Task prompt = Please reproduce the lines from the one containing "Lefkoniko Bay 33/34" through the end of the data below exactly as they stand, and omit all pictures.

Available records =
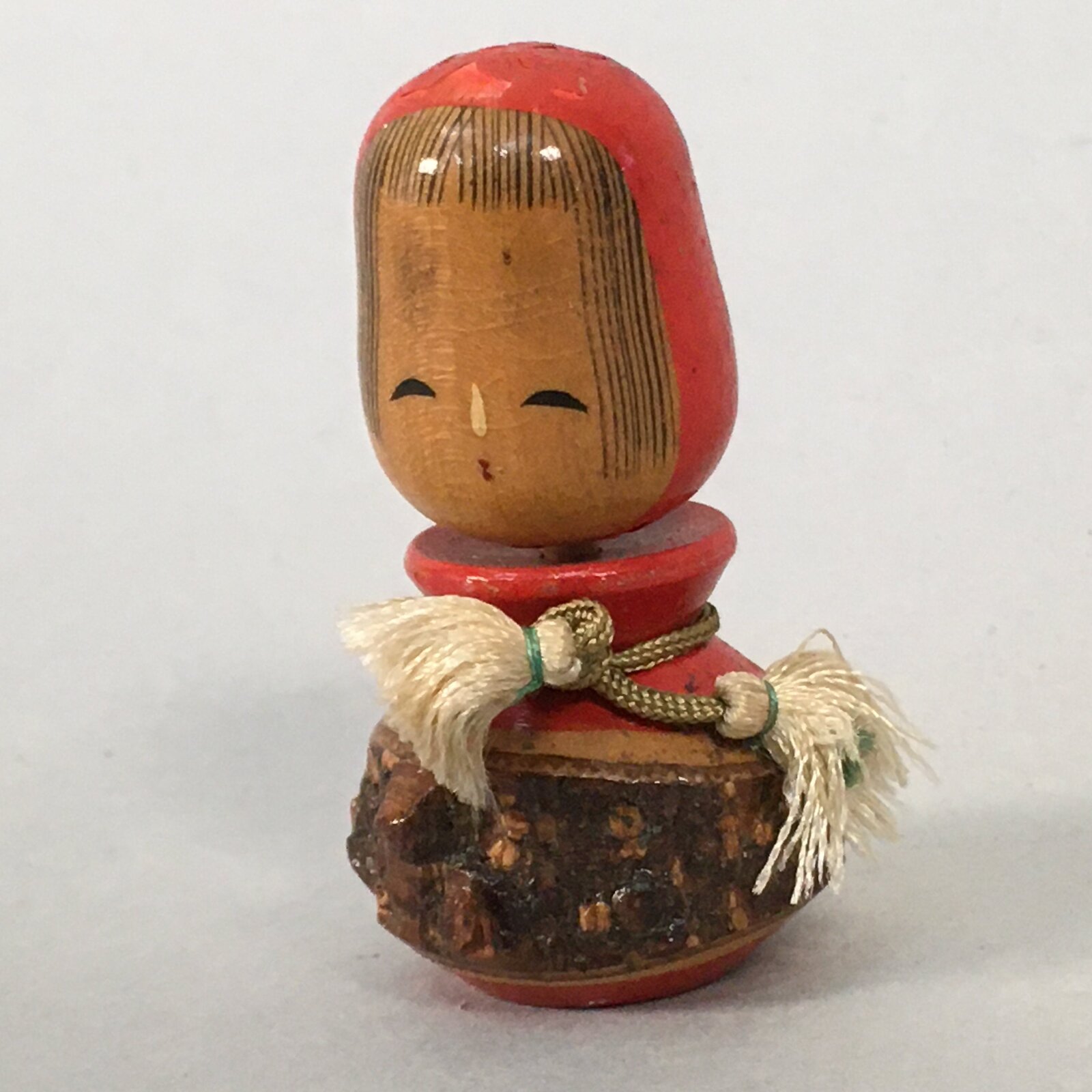 Japanese Kokeshi Doll Vtg Wooden Figurine Girl Child Red Hood Kid KF493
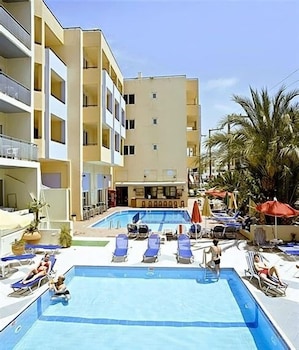 Lefkoniko Bay 33/34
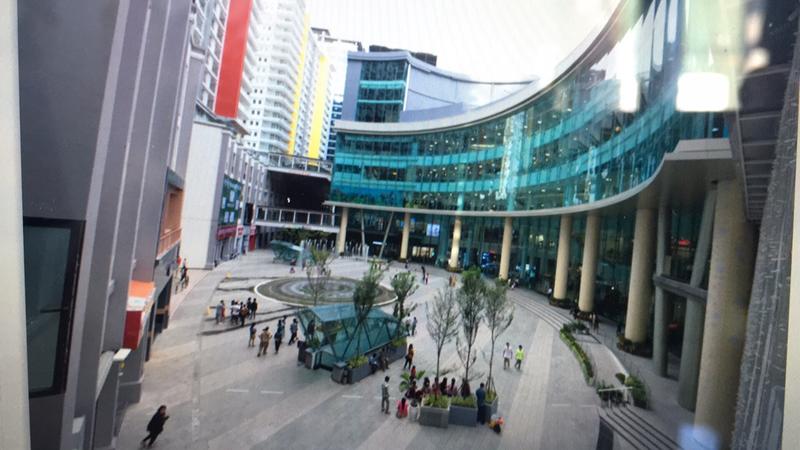 . 自我介绍   一起赚美元  
去年感觉3月在国内看不到希望，就一个人跑去了东南亚，越南，柬埔寨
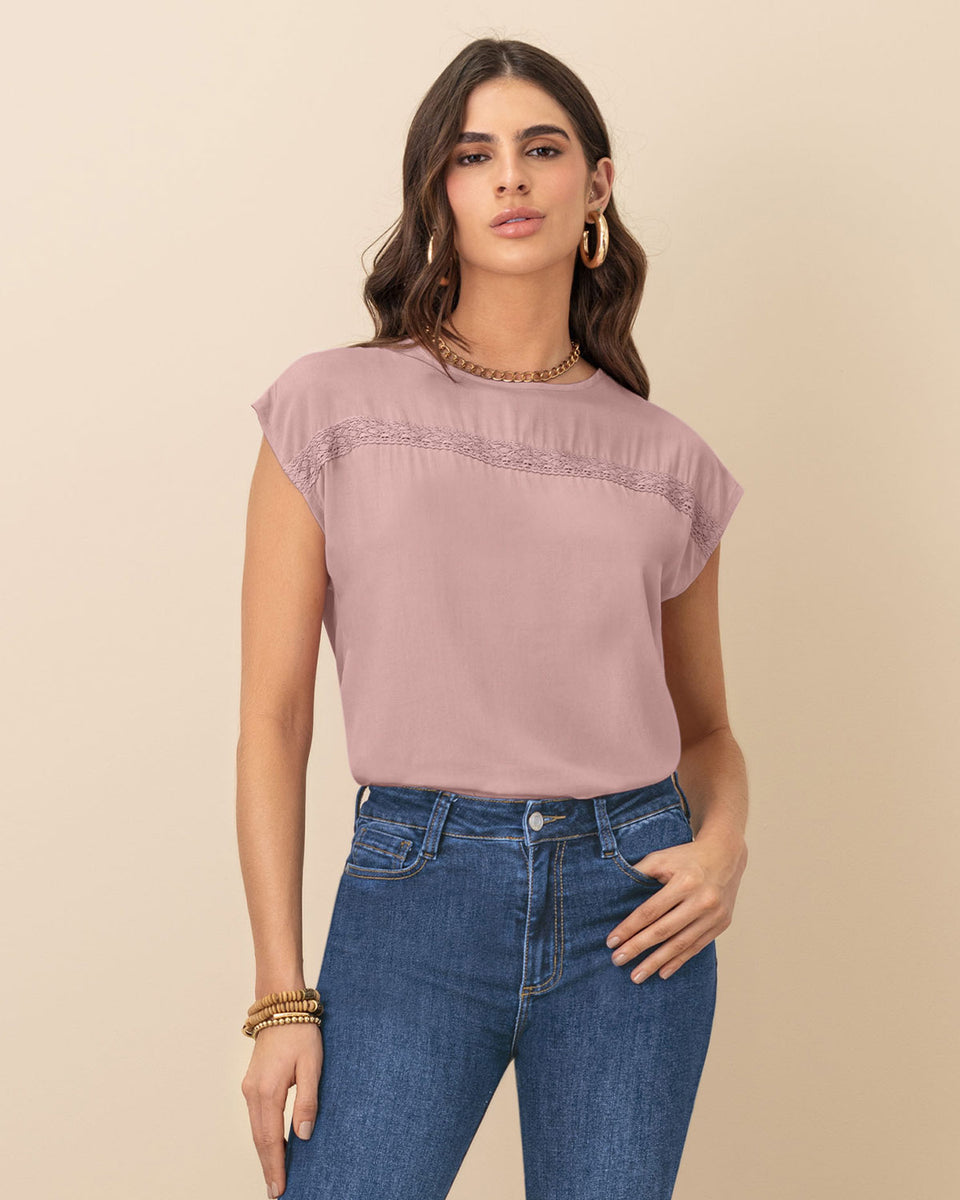 Camiseta básica manga corta con detalle sobrepuesto en frente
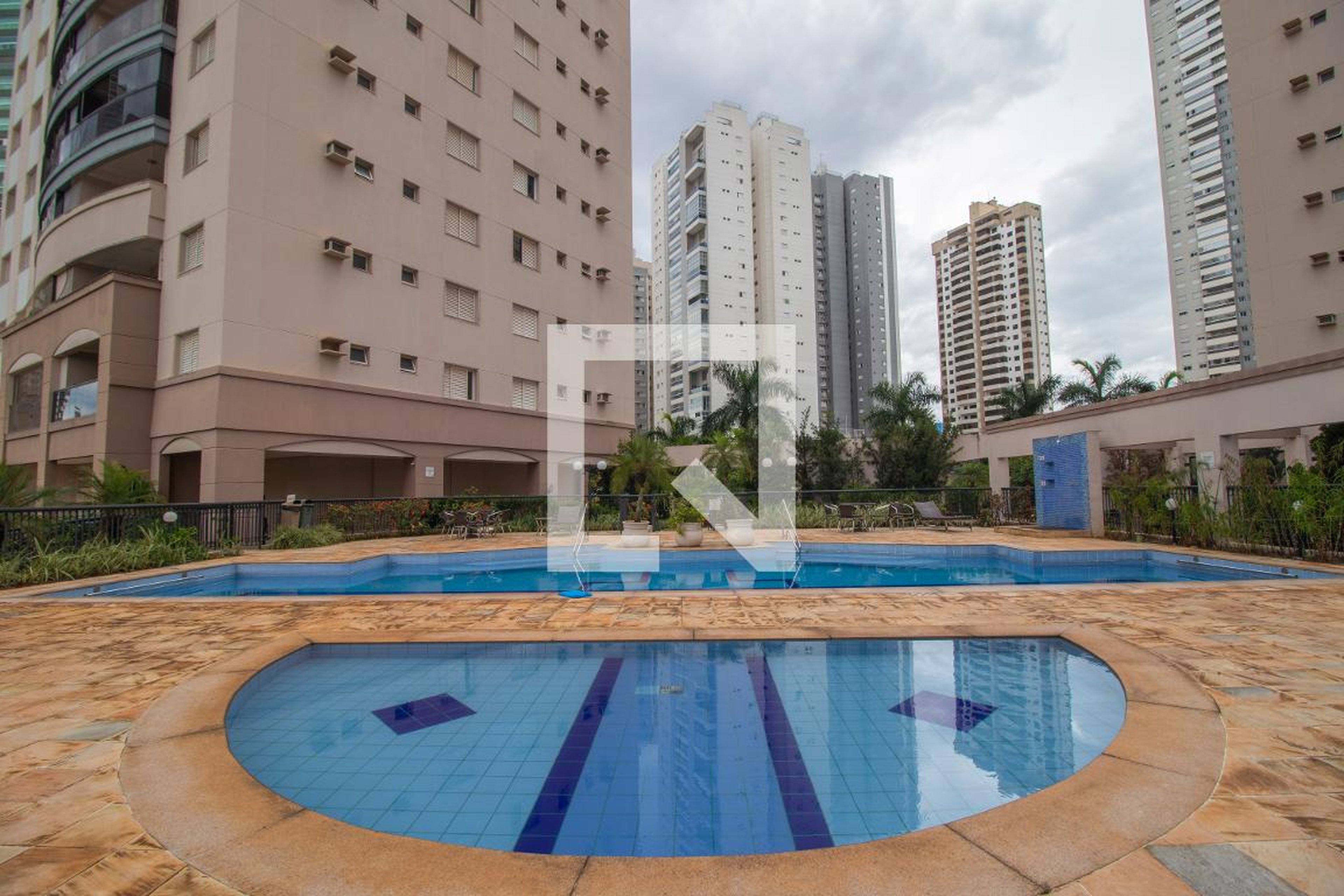 Piscina - Ilhas de Flamboyant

Finished exercise =
 Lefkoniko Bay 33/34
 . 自我介绍   一起赚美元  
去年感觉3月在国内看不到希望，就一个人跑去了东南亚，越南，柬埔寨
 Camiseta básica manga corta con detalle sobrepuesto en frente
 Piscina - Ilhas de Flamboyant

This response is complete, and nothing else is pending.